* _Dataset items_:

========

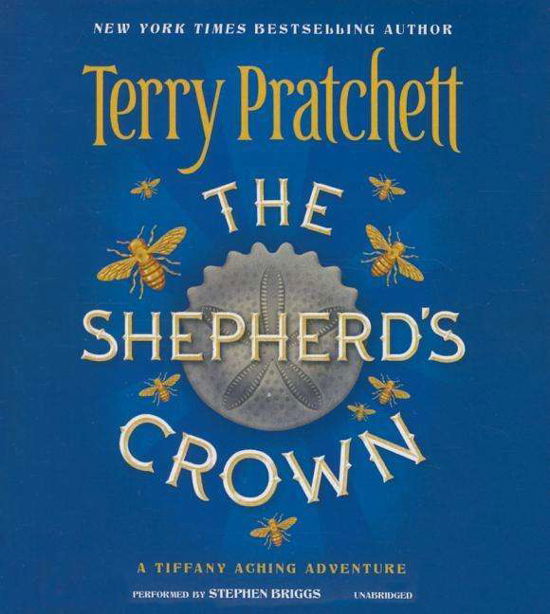 Cover for Terence David John Pratchett · The Shepherd's Crown (CD) (2015)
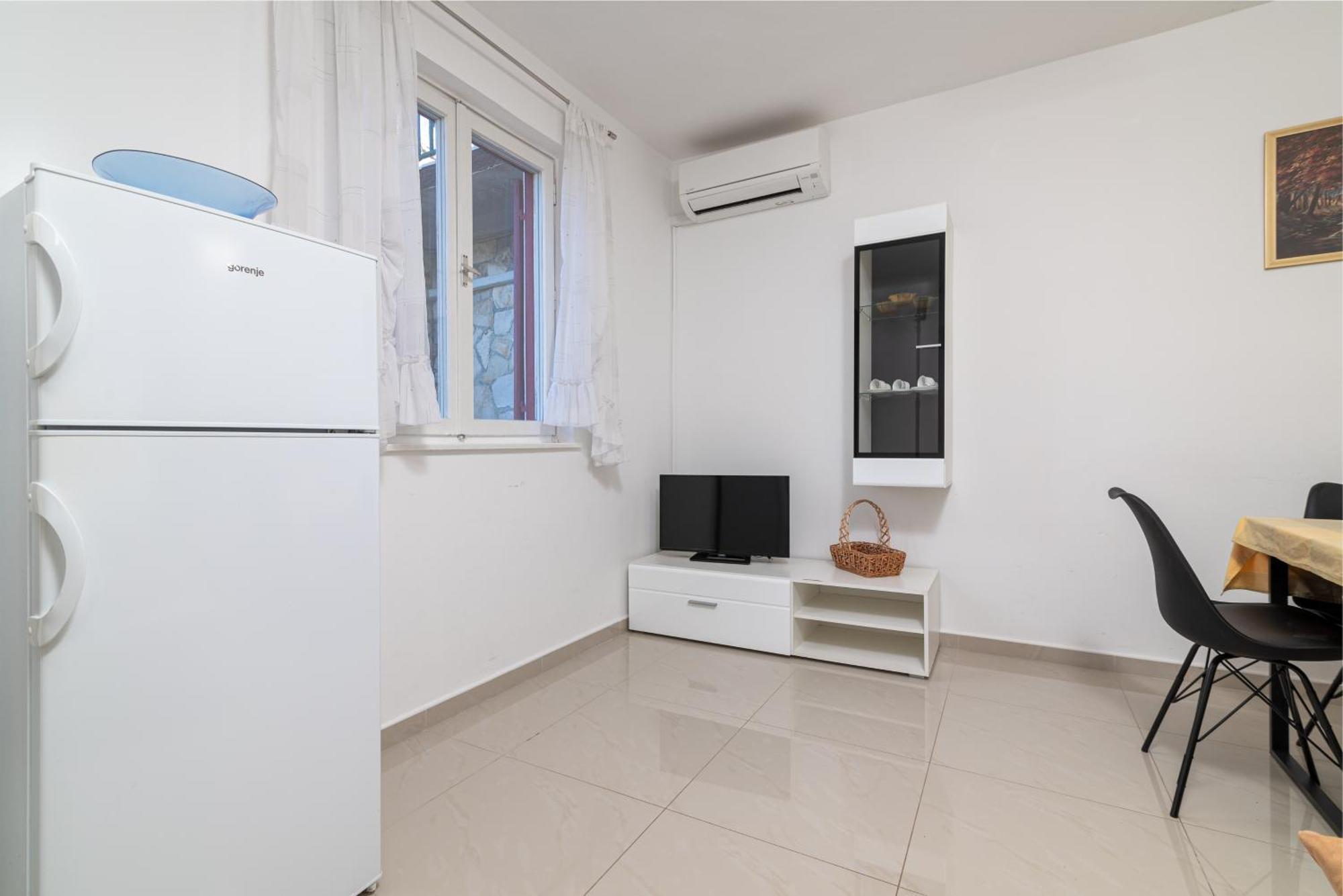 Apartments With A Parking Space Rabac, Labin - 7622 Rum bild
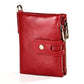 Men's With Iron Chain American Gold Clip Men's Wallets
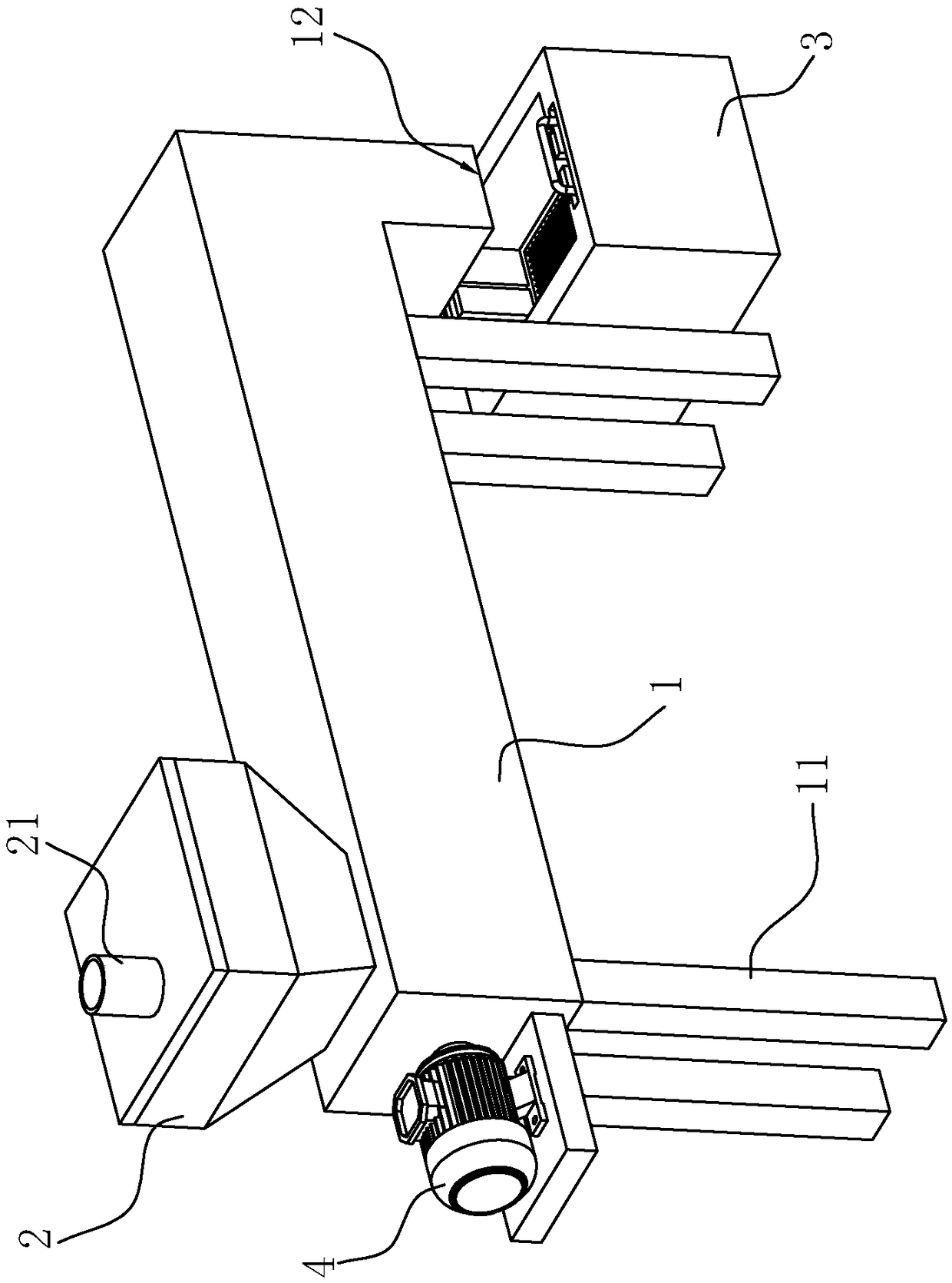 Soil cleaning equipment and soil remediation technology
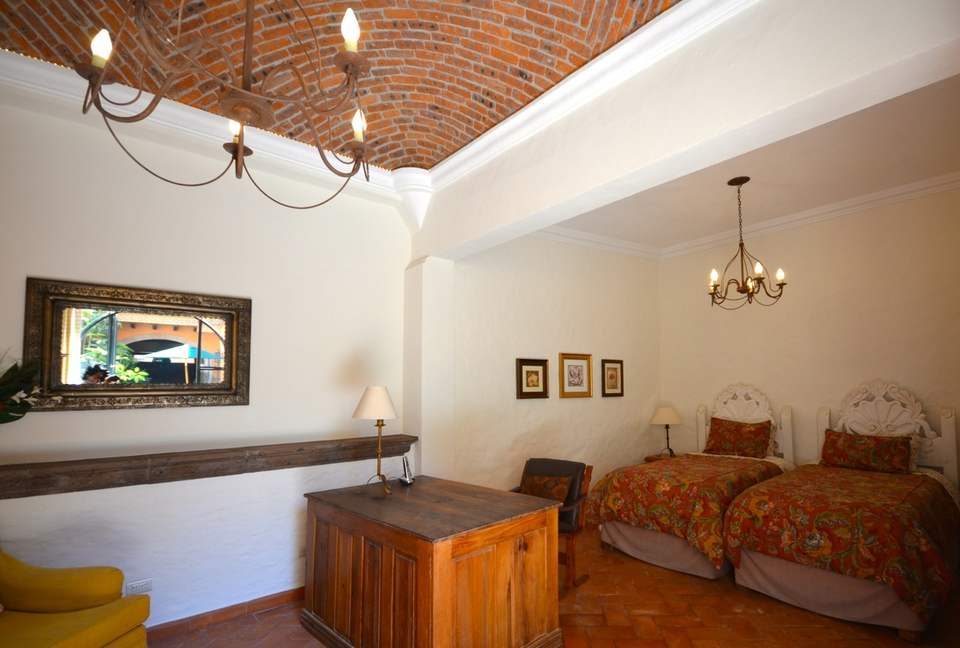 Casa Cielo - Centro Colonial Charm - San Miguel de Allende, Mexico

========

* _TASK GOAL_:
Pictures are to be left out; all other data must be returned exactly.

* _EXERCISE RESULT_:
 Cover for Terence David John Pratchett · The Shepherd's Crown (CD) (2015)
 Apartments With A Parking Space Rabac, Labin - 7622 Rum bild
 Men's With Iron Chain American Gold Clip Men's Wallets
 Soil cleaning equipment and soil remediation technology
 Casa Cielo - Centro Colonial Charm - San Miguel de Allende, Mexico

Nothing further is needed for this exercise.